The state-jump table of Spider, which is shown in Figure 1, is constructed by arranging each node in the original multiway trie into a two-dimensional array. A multiway trie is widely used as a data structure for routing tables. In both the multiway trie and the state-jump table of Spider, each node contains 256 elements and the elements correspond to a possible value of an 8-bit part of the IP address. For the state-jump table, each element contains two types of 16-bit length information: next hop (NH) and next node (NN). NH represents the index number of next hop information managed separately and NN represents the location of the child node, which is the number of the row.

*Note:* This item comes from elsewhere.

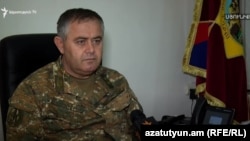 Артак Давтян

The detailed procedure of conversion is as follows: (1) convert each node of the multiway trie into a single array of the 256 elements; (2) fill the elements by converting pointers to children in the multiway trie to the number of the row where the target node will be located; and (3) arrange the rows into a two-dimensional array together with the End-of-Lookup and the Direct Pointing Table.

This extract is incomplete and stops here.